Me gusta decirle “alcalde” a quien
es alcalde. No Juanito ni Pepe. Pero jamás será “mi alcalde”. Muchísimo menos, desde mi estatura y mi dignidad de civil,
aceptaré llamarle “mi comandante” a alguien que no me comanda porque no soy
soldado.
La sumisión a El Poder llega sin
anunciarse. Un poco hoy, y luego más, hasta que se nos olvida que alguna vez
tuvimos albedrío. Las pocas libertades que conozco, me las regaló Venezuela,
aquel pueblo arrecho que no aceptaba que le hablaran golpeao, y que a la vuelta de 14
años permite hasta que le icen la bandera de otro país en sus astas.

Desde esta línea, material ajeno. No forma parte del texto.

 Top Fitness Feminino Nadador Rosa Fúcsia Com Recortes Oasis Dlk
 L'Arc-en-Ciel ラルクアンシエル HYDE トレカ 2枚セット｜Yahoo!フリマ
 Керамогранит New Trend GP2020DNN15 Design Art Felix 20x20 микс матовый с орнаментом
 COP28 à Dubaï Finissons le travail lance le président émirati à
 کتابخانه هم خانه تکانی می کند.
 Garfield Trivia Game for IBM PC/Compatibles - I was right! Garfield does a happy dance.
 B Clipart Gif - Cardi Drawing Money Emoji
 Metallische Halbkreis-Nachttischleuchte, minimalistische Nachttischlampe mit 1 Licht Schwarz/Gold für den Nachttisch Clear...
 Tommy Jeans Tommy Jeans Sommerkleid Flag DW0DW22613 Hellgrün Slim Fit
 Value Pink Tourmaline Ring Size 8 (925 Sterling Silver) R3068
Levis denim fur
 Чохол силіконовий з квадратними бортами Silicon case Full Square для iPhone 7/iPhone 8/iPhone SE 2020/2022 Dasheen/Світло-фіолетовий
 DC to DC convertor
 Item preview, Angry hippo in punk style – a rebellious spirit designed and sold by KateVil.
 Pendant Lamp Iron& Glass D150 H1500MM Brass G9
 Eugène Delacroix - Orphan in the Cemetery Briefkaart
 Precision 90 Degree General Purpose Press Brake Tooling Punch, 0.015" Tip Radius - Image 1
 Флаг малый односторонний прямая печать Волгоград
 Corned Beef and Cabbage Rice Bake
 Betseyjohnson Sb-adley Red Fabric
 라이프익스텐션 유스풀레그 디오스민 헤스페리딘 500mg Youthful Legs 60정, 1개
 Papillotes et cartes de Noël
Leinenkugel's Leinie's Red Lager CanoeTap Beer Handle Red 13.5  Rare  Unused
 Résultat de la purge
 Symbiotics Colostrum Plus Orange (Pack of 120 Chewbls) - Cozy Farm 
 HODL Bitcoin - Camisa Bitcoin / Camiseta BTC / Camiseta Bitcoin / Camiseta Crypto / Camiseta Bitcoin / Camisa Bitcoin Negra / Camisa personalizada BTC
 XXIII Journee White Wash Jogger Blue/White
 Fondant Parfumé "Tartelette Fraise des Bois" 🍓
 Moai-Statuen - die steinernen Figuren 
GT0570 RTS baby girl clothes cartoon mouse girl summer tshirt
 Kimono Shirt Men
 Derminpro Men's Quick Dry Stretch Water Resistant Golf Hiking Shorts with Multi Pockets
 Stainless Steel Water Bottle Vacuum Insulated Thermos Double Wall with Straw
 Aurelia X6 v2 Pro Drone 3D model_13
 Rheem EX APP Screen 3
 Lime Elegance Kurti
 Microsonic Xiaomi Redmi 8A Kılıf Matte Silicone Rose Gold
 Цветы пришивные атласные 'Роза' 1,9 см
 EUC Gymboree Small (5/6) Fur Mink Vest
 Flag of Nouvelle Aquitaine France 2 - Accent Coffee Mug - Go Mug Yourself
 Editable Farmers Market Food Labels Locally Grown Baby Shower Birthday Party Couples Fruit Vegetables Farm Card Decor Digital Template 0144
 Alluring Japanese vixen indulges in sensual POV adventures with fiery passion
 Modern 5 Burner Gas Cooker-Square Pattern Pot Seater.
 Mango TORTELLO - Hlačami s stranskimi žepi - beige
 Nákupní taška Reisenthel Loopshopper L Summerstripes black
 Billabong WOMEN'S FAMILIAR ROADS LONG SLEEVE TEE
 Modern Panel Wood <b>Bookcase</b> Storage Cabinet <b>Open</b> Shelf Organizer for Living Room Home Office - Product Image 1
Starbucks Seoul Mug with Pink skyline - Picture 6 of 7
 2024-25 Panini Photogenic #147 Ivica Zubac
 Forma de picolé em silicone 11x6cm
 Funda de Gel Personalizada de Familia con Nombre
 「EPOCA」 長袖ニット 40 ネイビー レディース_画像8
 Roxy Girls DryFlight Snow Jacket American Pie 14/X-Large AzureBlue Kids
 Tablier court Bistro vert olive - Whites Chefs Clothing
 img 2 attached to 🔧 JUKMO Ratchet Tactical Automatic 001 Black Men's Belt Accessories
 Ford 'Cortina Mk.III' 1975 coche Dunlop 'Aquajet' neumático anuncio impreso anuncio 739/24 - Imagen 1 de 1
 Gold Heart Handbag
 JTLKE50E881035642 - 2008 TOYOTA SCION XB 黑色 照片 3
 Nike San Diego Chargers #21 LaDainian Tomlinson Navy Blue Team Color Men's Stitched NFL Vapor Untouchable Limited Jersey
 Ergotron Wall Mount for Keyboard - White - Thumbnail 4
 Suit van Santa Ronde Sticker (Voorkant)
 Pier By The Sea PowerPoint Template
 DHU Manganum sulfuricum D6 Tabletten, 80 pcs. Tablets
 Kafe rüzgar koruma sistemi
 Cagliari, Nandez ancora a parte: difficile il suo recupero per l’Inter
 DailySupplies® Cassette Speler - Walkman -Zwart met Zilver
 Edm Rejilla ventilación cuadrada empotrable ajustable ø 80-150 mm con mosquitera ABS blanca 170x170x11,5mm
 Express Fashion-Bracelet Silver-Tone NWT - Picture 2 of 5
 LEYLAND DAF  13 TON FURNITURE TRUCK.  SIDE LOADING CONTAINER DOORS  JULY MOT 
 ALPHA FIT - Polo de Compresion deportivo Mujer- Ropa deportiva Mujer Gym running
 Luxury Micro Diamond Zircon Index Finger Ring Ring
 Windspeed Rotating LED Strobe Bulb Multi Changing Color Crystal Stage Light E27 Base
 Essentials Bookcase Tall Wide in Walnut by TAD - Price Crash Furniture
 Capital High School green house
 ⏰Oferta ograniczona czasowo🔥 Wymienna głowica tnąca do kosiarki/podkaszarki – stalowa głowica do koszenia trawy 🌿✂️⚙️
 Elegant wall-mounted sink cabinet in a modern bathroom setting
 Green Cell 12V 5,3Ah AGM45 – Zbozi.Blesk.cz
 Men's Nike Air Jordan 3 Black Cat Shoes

Mañana voy a votar. Será la
tercera vez en mi vida. Y la primera que lo hago con alegría y no sólo por
obligación. Voto con la miedosa valentía que me enseñaron en mi tierra,
temblando de ternura y de pavor. Es muy doloroso dejarlo todo atrás para seguir callado por el mundo. Encabrona vivir chantajeado más allá de tus fronteras y
de tu vida sólo por llegar a Rancho Boyeros y que no te detengan. Voto por la
gente que quiero, que son más de lo que yo mismo imaginaba. Voto, incluso por
los que, inexplicablemente, aún creen que este gobierno tiene alguna reserva
moral. Voto porque he tenido tiempo de desglosarlos: sé quiénes de ellos serán
las futuras víctimas de un sistema que sobrevive gracias a la constante
búsqueda de enemigos que le permiten dar otra vuelta de tuerca. Sé quienes,
para salvarse, mirarán hacia otro lado. Y, sobre todo, estoy seguro de quiénes
van a ser los futuros victimarios. Tuve demasiados en mi vida para no reconocer
una mirada de odio agazapada.
Una mujer muy destemplada me gritó
en Cuba que yo “tenía” que ser chavista porque era él quien los mantenía. El
embajador venezolano en La Habana, confesó que votar por Chávez es votar por Fidel.
Ambos tienen razón.
Pero el caso es que mañana soy yo el que vota
en Venezuela, porque vivo en Venezuela. Y soy venezolano. Como Rosa Parks, quizás no
sea revolucionario, pero estoy muy cansado. Y sobre todo, en algún momento entre
1992 y hoy, llegué a la conclusión de que estoy hasta los cojones de que me
hablen golpeao.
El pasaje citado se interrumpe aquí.